To date, we’ve seen the impact most powerfully in the oncology space.  A 2015 study by the Tufts Centre for Drug Development found around 35 per cent of oncology treatments are precision medicines, and almost three quarters, 73 per cent, in development, fall into this category.

At Janssen, we are on the cusp of yet further advance in cell therapies like CAR-T, which involves reprogramming someone’s own cells to more effectively fight blood cancers, like leukaemia. With one therapy in this field already approved in Australia for use, we are also increasing lab capabilities to meet growing demand.

Beyond oncology progress is a little slower. But while only around 13 per cent of treatments across every therapy area can be considered as precision medicines, 42 per cent of those in development could be.

It’s a huge paradigm shift. But like any true revolution, in the world of medical science and beyond – making precision medicine a medical mainstay that goes against the grain of traditional R&D is not easily achieved, nor is it without challenge – risk and cost to name just two.

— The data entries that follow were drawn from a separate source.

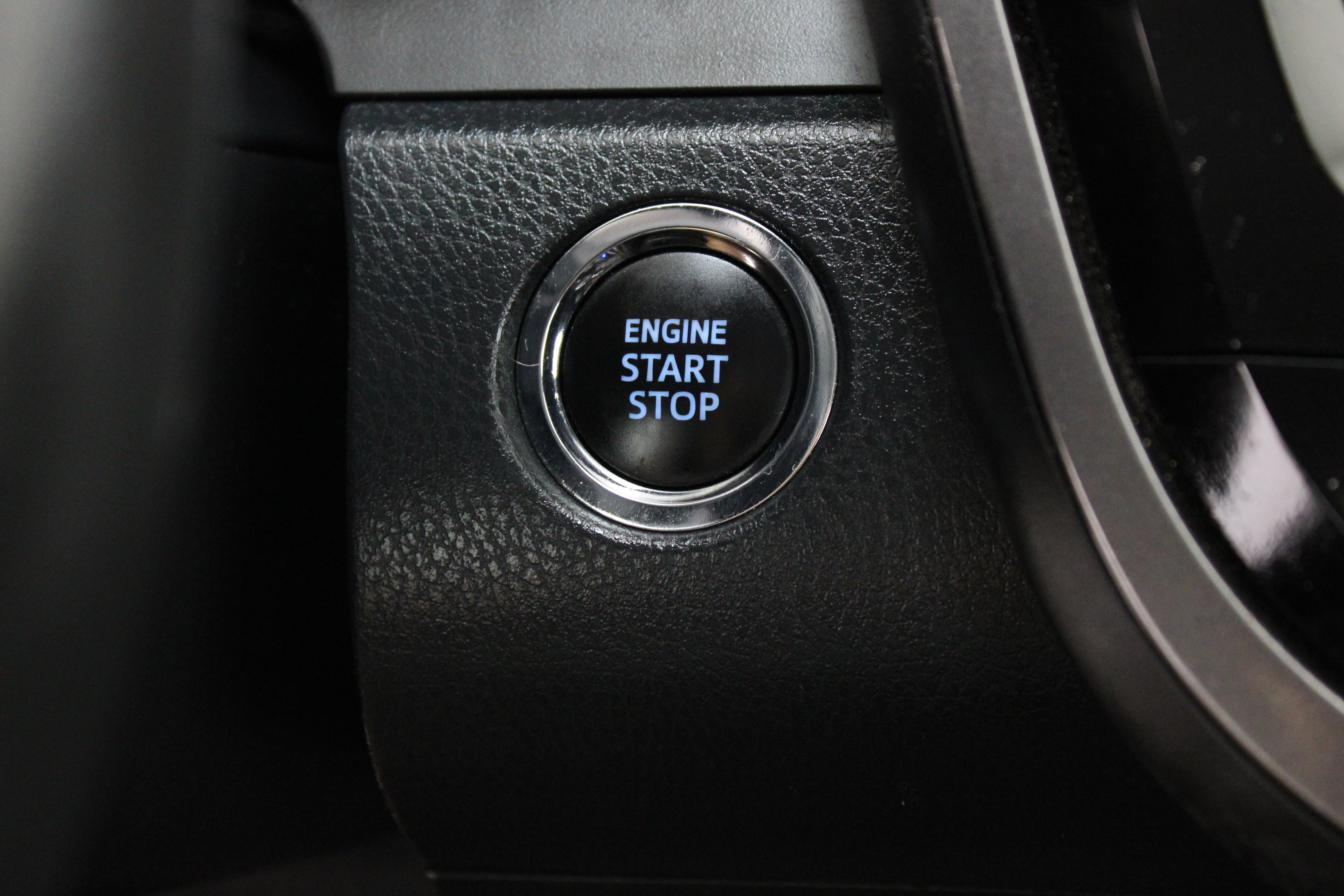 Used 2024 Toyota Camry SE w/ Convenience Package FWD image 18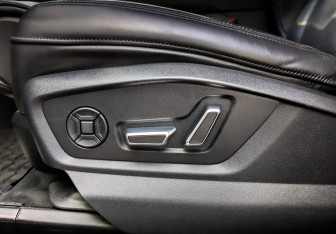 Подержанный автомобиль Audi Q8 2019 года (21 фото)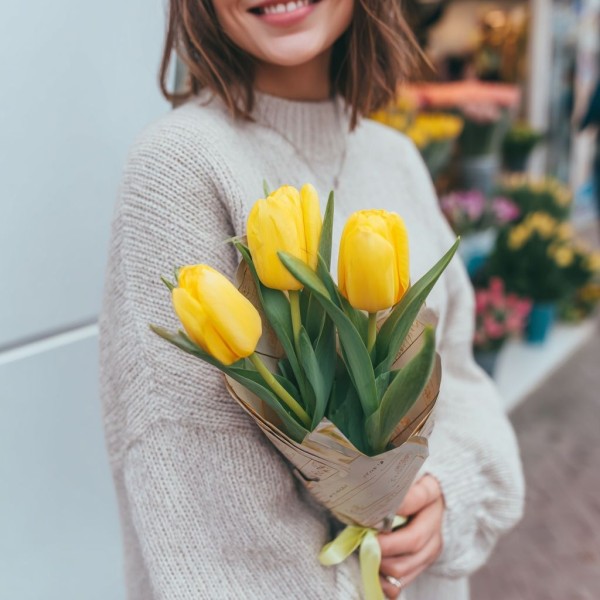 3 желтых тюльпана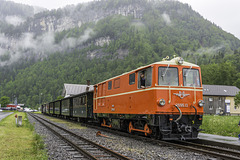 Fahrtag bei der Bregenzerwald Bahn - 2095.13 hat mit einem Zug den Bahnhof Schwarzenberg erreicht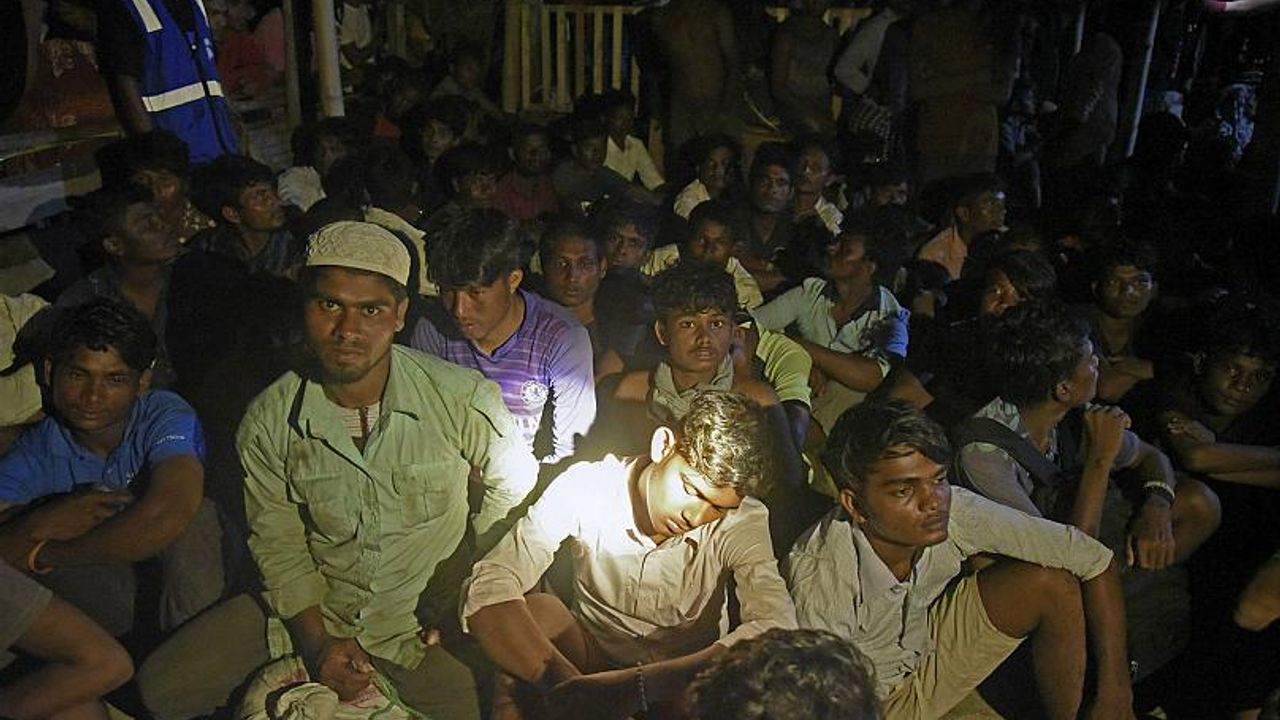 ''Arakanlı Göçmen Müslümanlar 7 Ay Denizde Kaldıktan Sonra Kurtarıldı''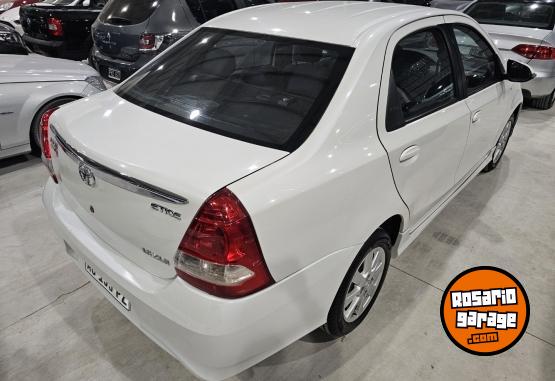 Autos - Toyota Etios 1.5 XLS manual 6ta 2017 Nafta 182000Km - En Venta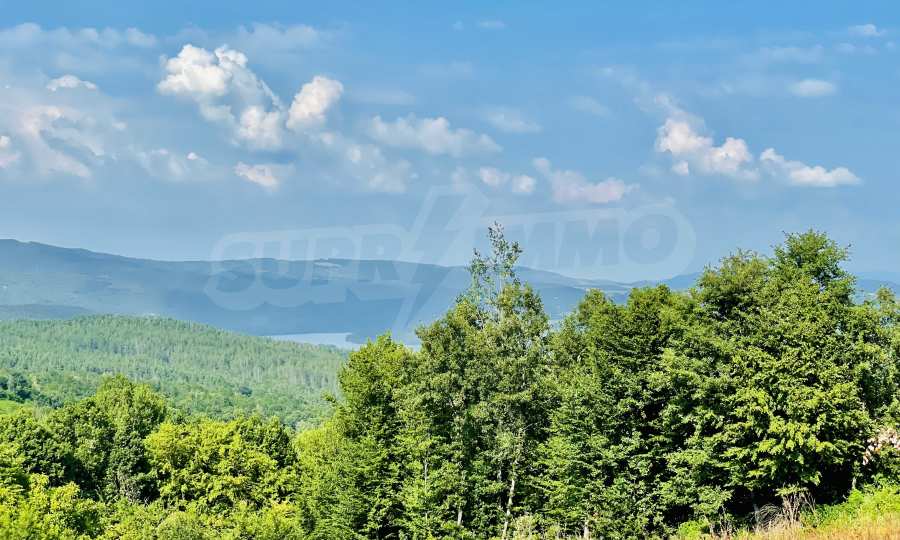 Grundst&uuml;ck mit wundersch&ouml;nem Panoramablick auf den Balkan und den Staudamm &bdquo;Yovkovtsi&ldquo;. 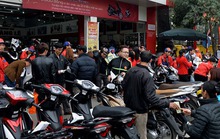 Hà Nội: Hết tháng Ngâu, xe máy rục rịch tăng giá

But no one ever said revolution was easy. And we recognise that to truly succeed and gain broad momentum and regulatory endorsement, this ground-breaking science requires collaboration from industry, policy makers, payors and pioneers to ensure the promise is routinely delivered upon and that the masterstroke of precision medicine becomes a mainstay within the medical landscape.

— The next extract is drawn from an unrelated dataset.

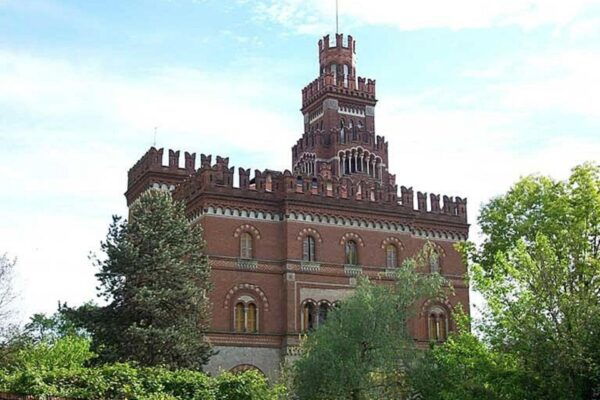 Bergamo: Private Transfer To/From Crespi Dadda UNESCO Site - Frequently Asked Questions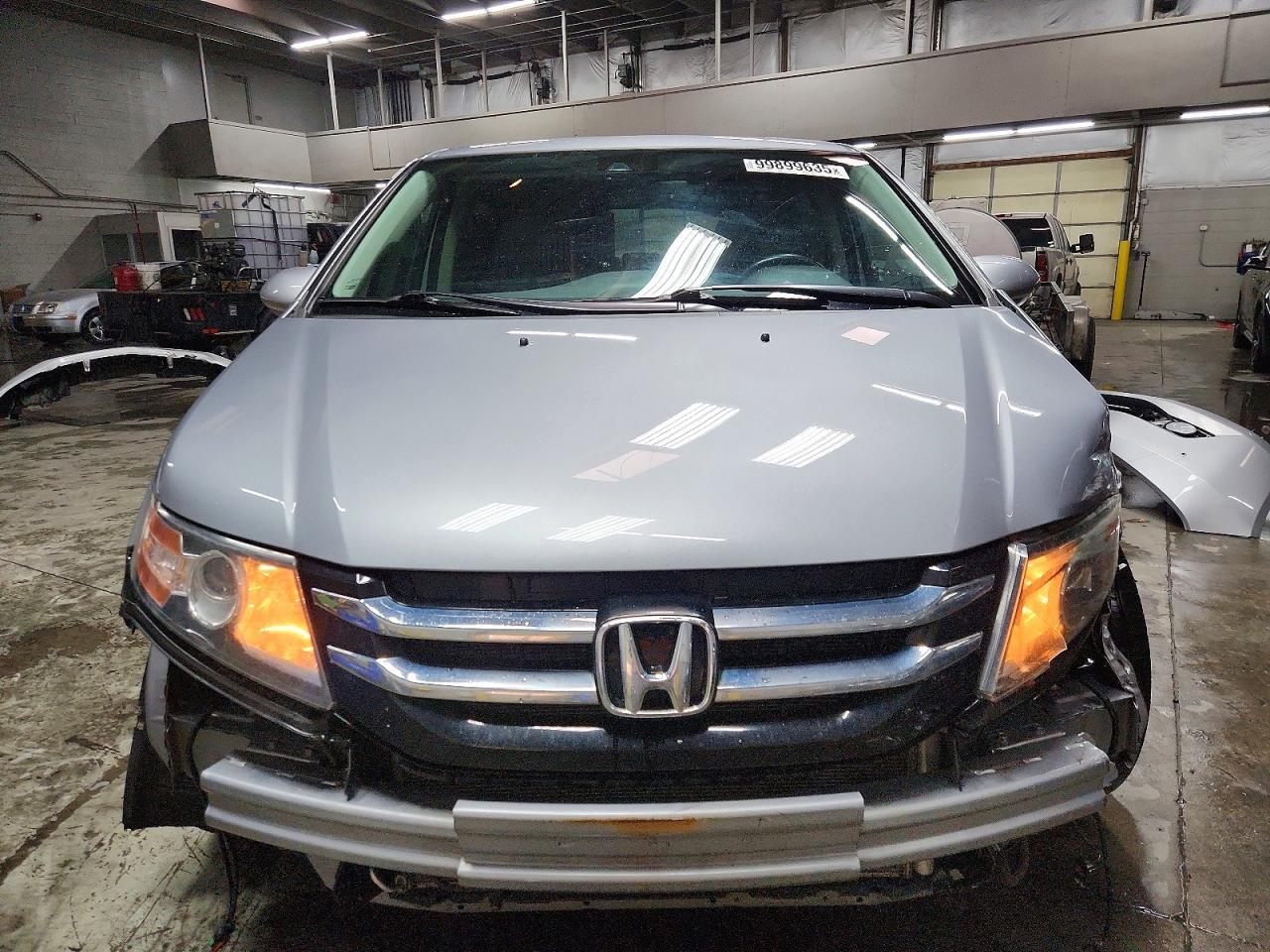 2016 Honda Odyssey Touring - Image 5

Health systems the world over are continually driven by needs for improved outcomes with value for money. And we take responsibility for playing our role in ensuring innovative and high cost therapies are used for the right people.

Most importantly, these advances are being driven by expectations of our patients. They want, need and expect better products to live longer, healthier lives.

We only need to look to our counterparts in the United States to see what is waiting for us – and perhaps some lessons we should be taking on board.

In mid-2017, the Food and Drug Administration (FDA) recently granted accelerated approval for an immunotherapy for patients with solid tumours that have a particular biomarker indicating disrupted ability of cells to repair DNA.

This approval was significant because it was the first for a cancer treatment based on a tumour’s specific genetic features rather than its location in the body.

This “site-agnostic” indication approval signals a real shift to the way precision medicines will be evaluated in the future and sets a precedent the world over for what’s truly possible in this space.

There are certainly some lessons for us to draw in the Asia Pacific region from this development.

For industry shrinking patient populations from the routine R&D broad spectrum approach presents a significant challenge for therapy development in a traditional sense.

But with the wave of Precision Medicine coming, we are heeding the call to treat, intercept, prevent and cure.

We are committed to collaboration, as we recognise the need to work in partnership across the sector to accommodate less traditional evidence approaches and develop methodologies to balance the associated risk associated with attributing value for money.

We are relentless in our pursuit to fighting sickness with science and improving access with ingenuity.

And we are pragmatic in our approach to research to ensure what works in our labs also works in patients’ lives.

It’s all part of our promise to heed the call in the advancement of how medicines are made and made accessible around the world so that our patients can reap the ultimate reward. Health.